Penulis: Jo Cigo

Bertani merupakan salah satu kegiatan yang dilakukan untuk memenuhi kebutuhan pangan negeri ini. Tak terbayang apa jadinya bila seluruh petani di Indonesia berhenti mencangkul sawahnya, bisa saja Indonesia akan mengalami krisis pangan yang parah. Tetapi kejadian ini mungkin saja terjadi apabila hak petani direnggut, seperti yang tengah terjadi di Padang. Melalui Surat Edaran (SE) bernomor 521.1/1984/Distanhorbun/2017 Tentang Dukungan Gerakan Percepatan Tanam Padi tertanggal 6 Maret 2017 oleh gubernur setempat, publik dibuat terkejut. Itu dikarenakan SE resmi tersebut mengandung poin yang memerintahkan Tentara Nasional Indonesia Angkatan Darat (TNI AD) dan UPT Pertanian Kecamatan untuk ikut “membantu” program percepatan tanam padi di Sumatera Barat (Sumbar).

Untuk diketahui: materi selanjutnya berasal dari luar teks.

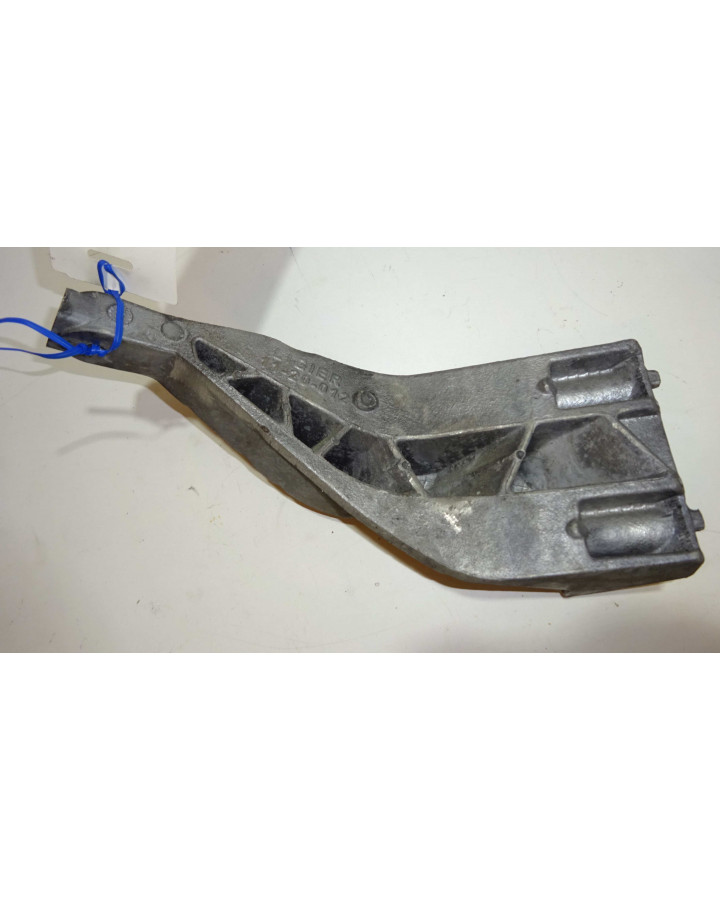 Microcar MGO, motorfäste höger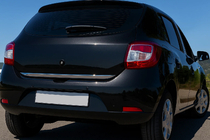 Renault Sandero 2013–2022 Ochranná lišta na hranu kufru (nerez) fotografie 1
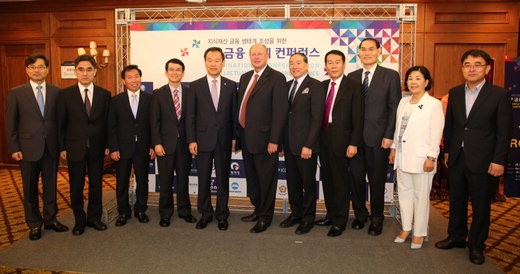 김영민 특허청장(왼쪽 다섯번째)이 지난 24일 서울 임피리어팰리스 호텔에서 열린 'IP금융 콘퍼런스'에서 강연자들과 기념 사진을 찍고 있다.
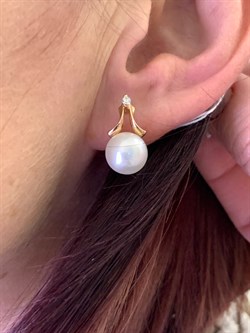 *Серьги Белый Жемчуг д.9-9,5 цв Красное арт. 2.0952.0.b-181 Вес 4,72 г - фото 347413 *Серьги Белый Жемчуг д.9-9,5 цв Красное арт. 2.0952.0.b-181 Вес 4,72 г - фото 347413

Yang menurut Irwan Prayitno, Gubernur Sumbar, adalah upaya untuk memenuhi target swasembada pangan. Ada dua SE yang dikeluarkan oleh Gubernur dalam kebijakan ini. SE pertama yang mengundang kontroversi publik kemudian diperjelas dengan SE kedua tertanggal 8 Maret 2017 untuk memperjelas SE sebelumnya.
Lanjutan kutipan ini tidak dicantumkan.